In general, this doesn't hold for diagonal matrices $$A$$ in general.
Consider $$A=\begin{bmatrix} 1 & 0 &0 \\0 & 2 &0 \\ 0& 0& 3 \end{bmatrix}$$ and $$U = \begin{bmatrix} 0 &0 & 1 \\1 & 0 &0 \\ 0& 1&0 \end{bmatrix}$$ Then $$UAU^\mathrm{t}=\begin{bmatrix} 3 & 0 & 0 \\ 0 & 1 &0 \\ 0 & 0 & 2 \\ \end{bmatrix} \neq A$$
Given any diagonal $$A$$ with 3 distinct eigenvalues, the permutation matrix $$U$$ (a matrix in the natural image of $$S_3$$) will act non-trivially by conjugation.

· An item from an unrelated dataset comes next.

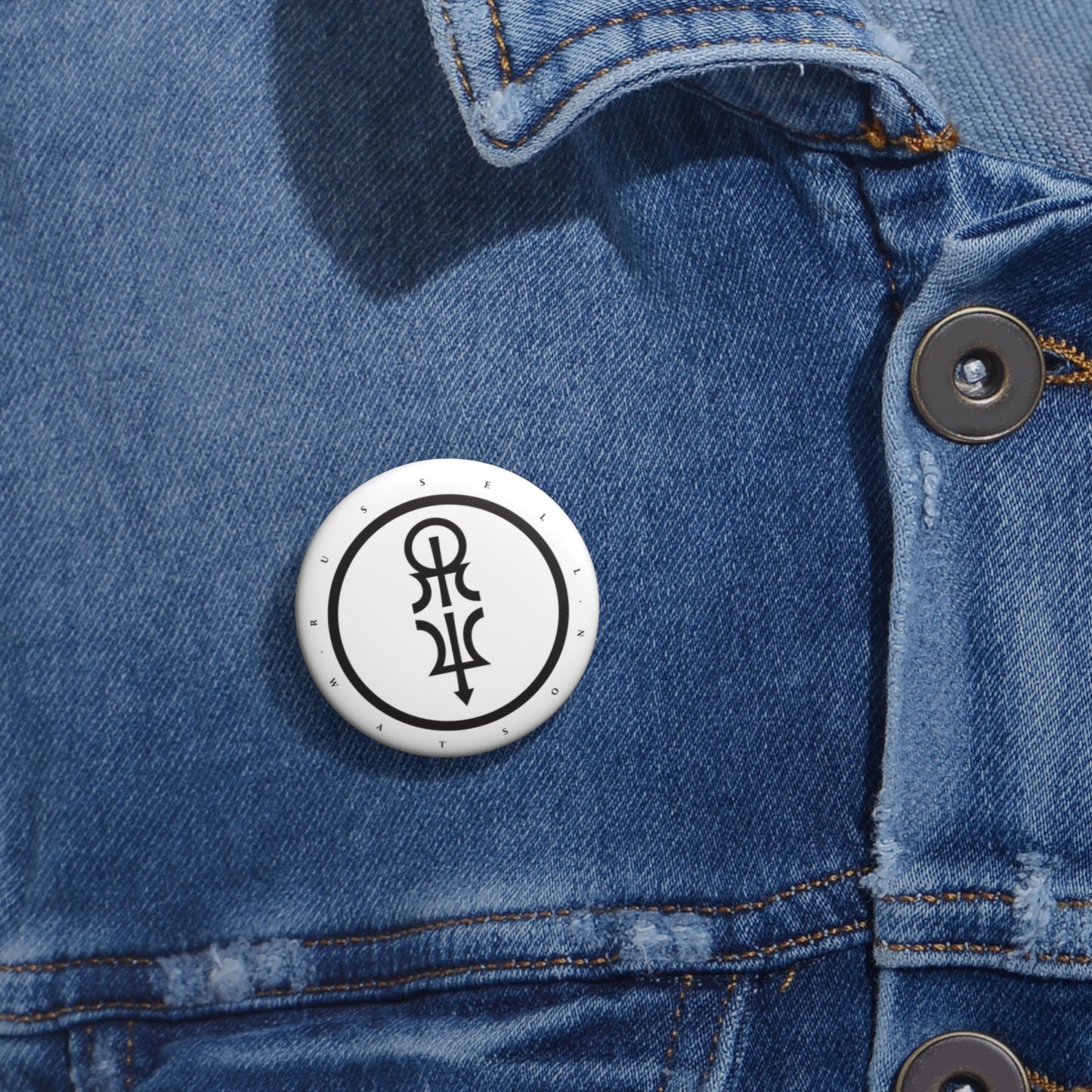 RW Glyph Pin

If $$UAU^\mathrm{t}=A$$, then $$UA=AU$$; so $$A$$ commutes with all orthogonal matrices and must be a multiple of the identity matrix. To see this more clearly, suppose $$v$$ is an eigenvector of $$A$$ with eigenvalue $$\lambda$$. Then for all $$u\in\mathbb{R}^3$$ there is an orthogonal matrix $$U$$ such that $$Uv=u$$ (and thus $$U^\mathrm{t}u=v$$), and $$Au=UAU^\mathrm{t}u=UAv=\lambda Uv=\lambda u,$$ so every vector is an eigenvector of $$A$$ with eigenvalue $$\lambda$$. Thus $$A=\lambda I$$.